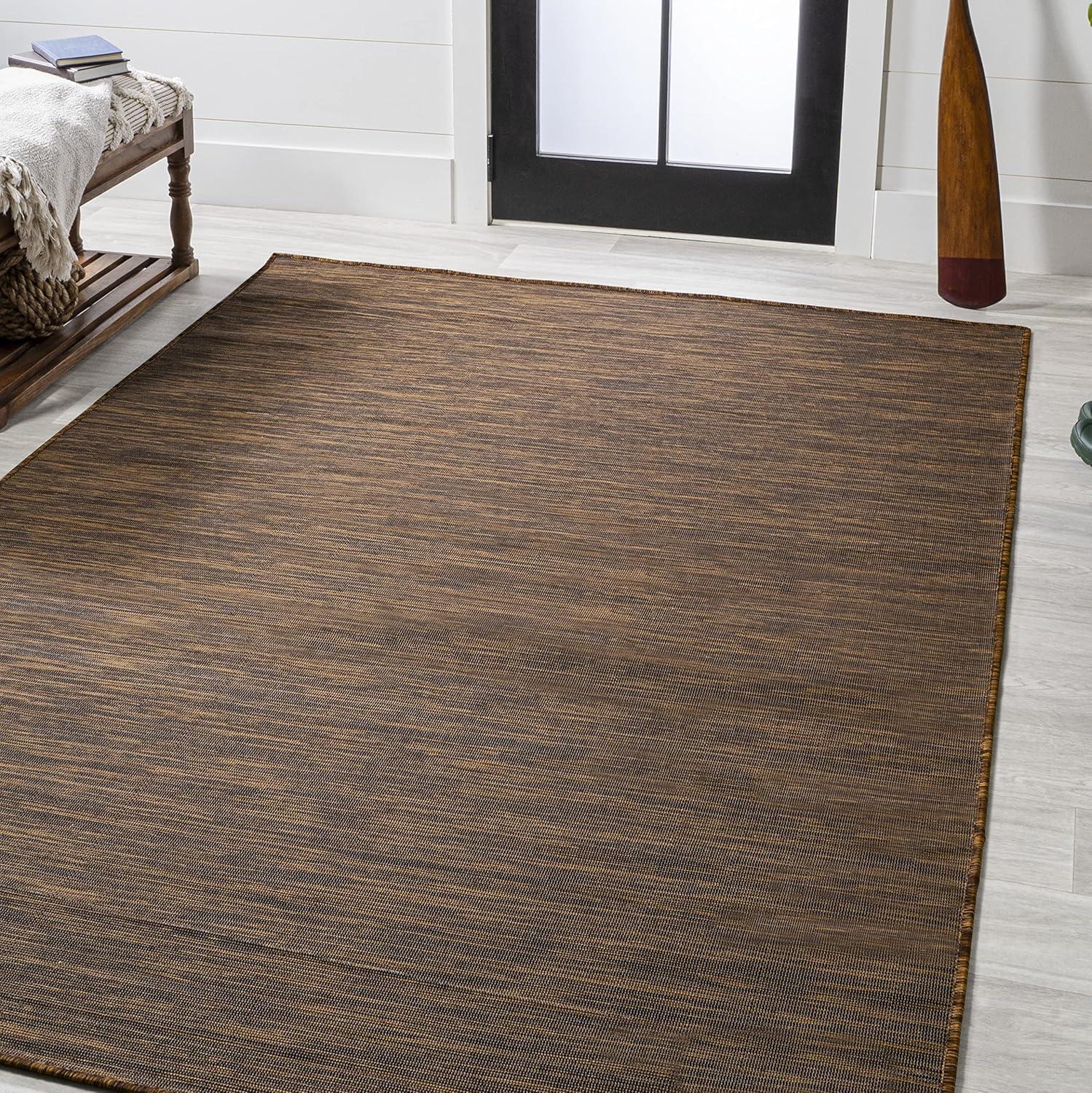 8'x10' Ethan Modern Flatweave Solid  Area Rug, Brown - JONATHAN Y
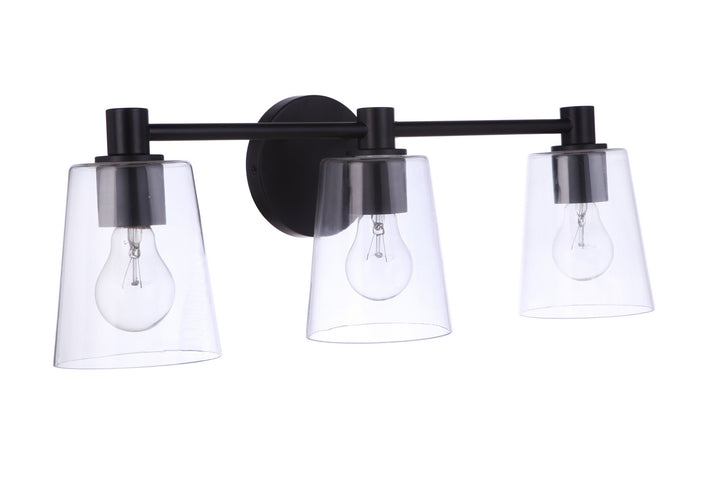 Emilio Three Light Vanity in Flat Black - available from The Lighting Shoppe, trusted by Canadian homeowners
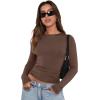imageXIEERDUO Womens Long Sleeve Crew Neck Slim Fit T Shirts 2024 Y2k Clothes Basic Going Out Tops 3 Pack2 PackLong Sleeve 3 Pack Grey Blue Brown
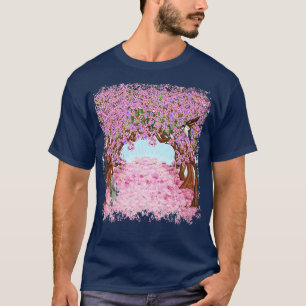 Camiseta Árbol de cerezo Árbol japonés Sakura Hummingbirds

● ● ● ●

## What is being asked
Exactly as given, transcribe every line of the data, but not its images.

## The answer
 8'x10' Ethan Modern Flatweave Solid  Area Rug, Brown - JONATHAN Y
 Emilio Three Light Vanity in Flat Black - available from The Lighting Shoppe, trusted by Canadian homeowners
imageXIEERDUO Womens Long Sleeve Crew Neck Slim Fit T Shirts 2024 Y2k Clothes Basic Going Out Tops 3 Pack2 PackLong Sleeve 3 Pack Grey Blue Brown
 Camiseta Árbol de cerezo Árbol japonés Sakura Hummingbirds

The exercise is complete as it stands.